*What you have to do*
Below are records to be transcribed exactly; any pictures should be left out.

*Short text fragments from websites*
________________

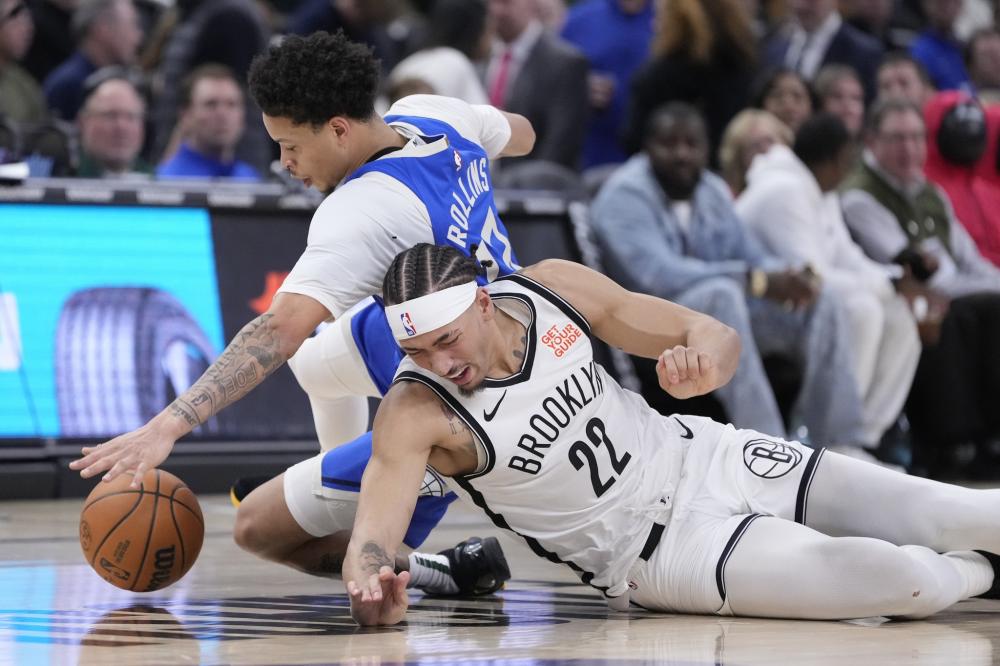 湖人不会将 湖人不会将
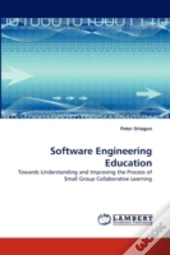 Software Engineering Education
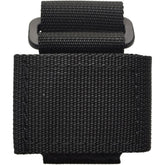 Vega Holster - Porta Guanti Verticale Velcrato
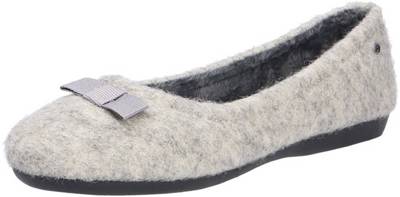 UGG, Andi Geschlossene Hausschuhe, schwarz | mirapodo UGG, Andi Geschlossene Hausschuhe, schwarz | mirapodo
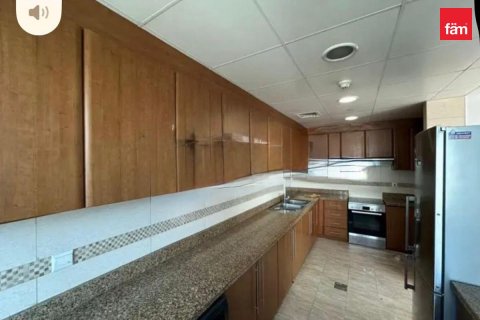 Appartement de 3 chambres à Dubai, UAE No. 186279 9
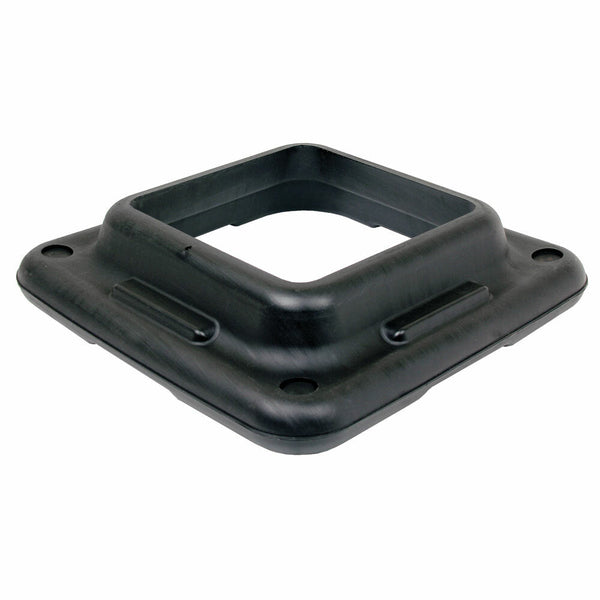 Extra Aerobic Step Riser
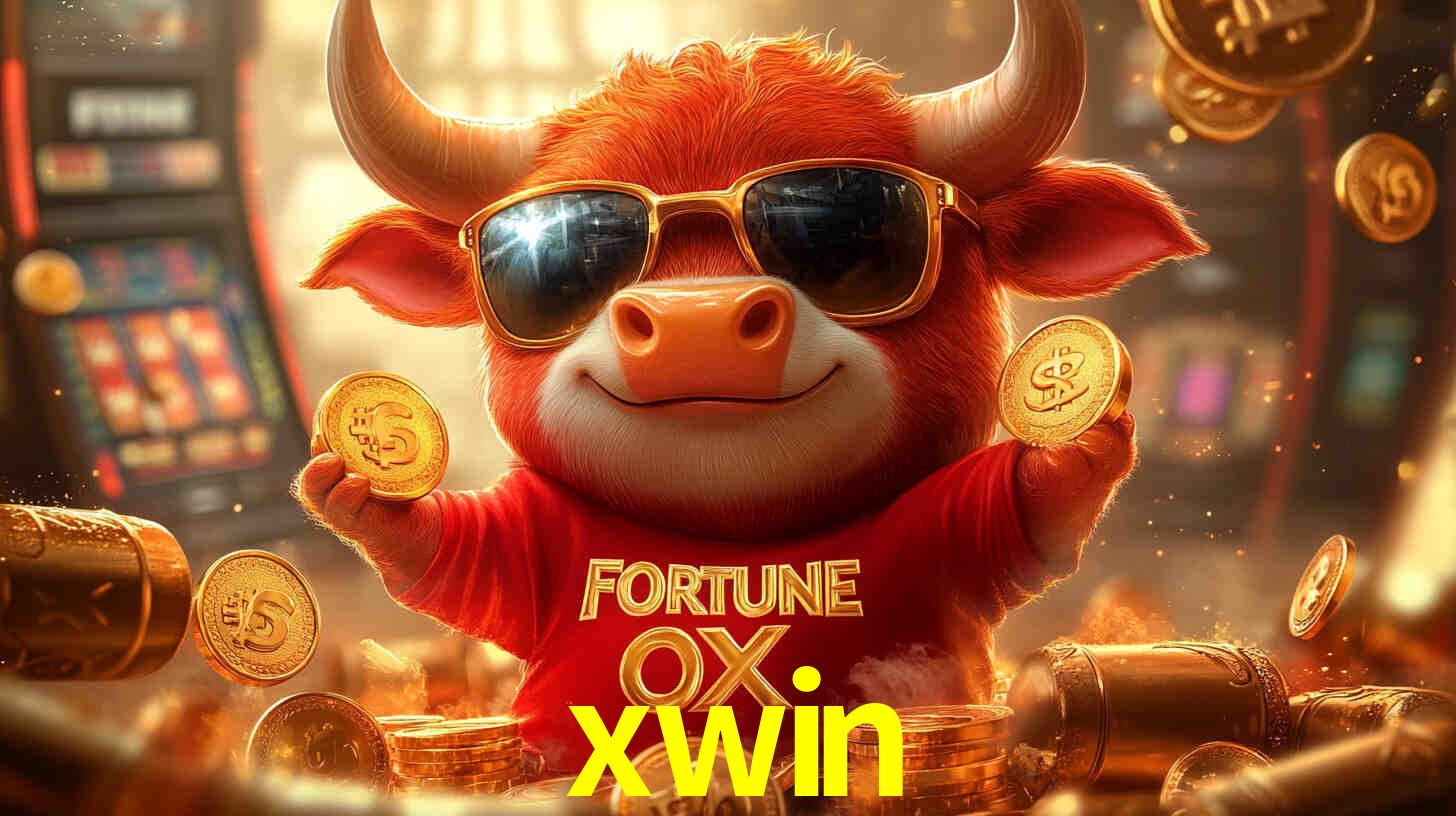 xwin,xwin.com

________________

*The completed task*
 湖人不会将 湖人不会将
 Software Engineering Education
 Vega Holster - Porta Guanti Verticale Velcrato
 UGG, Andi Geschlossene Hausschuhe, schwarz | mirapodo UGG, Andi Geschlossene Hausschuhe, schwarz | mirapodo
 Appartement de 3 chambres à Dubai, UAE No. 186279 9
 Extra Aerobic Step Riser
 xwin,xwin.com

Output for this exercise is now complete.